Limitation on HTTP Session Sharing and Resiliency in Cluster Setups
Release does not share HTTP sessions among nodes. If the active Release node becomes unavailable:
- All users will effectively be logged out and will lose any data that was not stored to the database.
- Any script tasks that were running on the previously active node will have the
failed
status. When a new node becomes the active node, which happens automatically, you can restartfailed
tasks.
Performing a TCP check or GET
operation on /
will indicate that a node is running.
Step 6 - Start the Nodes
Beginning with the first node that you configured, start Release on each node. Ensure that each node is fully up and running before starting the next one.
Advanced Configuration
Network Split Resolution
In the case of a network split, the Release cluster has a default strategy configured to avoid the creation of multiple independent cluster partitions from the original cluster.

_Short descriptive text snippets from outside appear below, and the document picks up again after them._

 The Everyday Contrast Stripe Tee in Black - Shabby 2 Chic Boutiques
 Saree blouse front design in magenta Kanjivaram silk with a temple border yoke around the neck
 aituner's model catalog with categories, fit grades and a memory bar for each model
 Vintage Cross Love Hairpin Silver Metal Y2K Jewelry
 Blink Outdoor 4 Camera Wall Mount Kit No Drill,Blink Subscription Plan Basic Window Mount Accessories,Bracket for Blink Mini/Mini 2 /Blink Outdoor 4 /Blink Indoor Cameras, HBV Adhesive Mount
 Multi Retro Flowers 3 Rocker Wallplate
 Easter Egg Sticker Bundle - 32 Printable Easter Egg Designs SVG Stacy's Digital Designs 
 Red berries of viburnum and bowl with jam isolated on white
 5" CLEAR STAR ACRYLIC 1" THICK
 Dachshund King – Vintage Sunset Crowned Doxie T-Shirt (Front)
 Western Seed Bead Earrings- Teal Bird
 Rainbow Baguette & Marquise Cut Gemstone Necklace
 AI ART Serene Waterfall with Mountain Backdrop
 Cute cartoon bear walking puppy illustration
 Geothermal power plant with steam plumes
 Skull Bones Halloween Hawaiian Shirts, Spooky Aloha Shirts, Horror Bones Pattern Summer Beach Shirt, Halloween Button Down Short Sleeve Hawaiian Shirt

The default configured strategy is the MajorityLeaderAutoDowningProvider
.
This auto-downing strategy shuts down every cluster partition which is in minority. For example: partition size < cluster size / 2
).
When the cluster is split into two parts, partition size == cluster size / 2
, the partition containing the oldest active cluster member will survive. If there are no partitions containing the sufficient number of members, the quorum cannot be achieved and the whole cluster will be shutdown. If this occurs, an external restart of the cluster is required.
An alternative strategy, available by default, is the OldestLeaderAutoDowningProvider
. This strategy can be activated in the XL_RELEASE_SERVER_HOME/conf/xl-release.conf
file by specifying:
xl {
cluster {
akka {
cluster {
downing-provider-class = "com.xebialabs.xlplatform.cluster.full.downing.OldestLeaderAutoDowningProvider"
}
}
}
...
}
This strategy will keep the partition with the oldest active node alive. It is suitable for a Release cluster which needs to stay up as long as possible, without depending on the number of members in the partitions.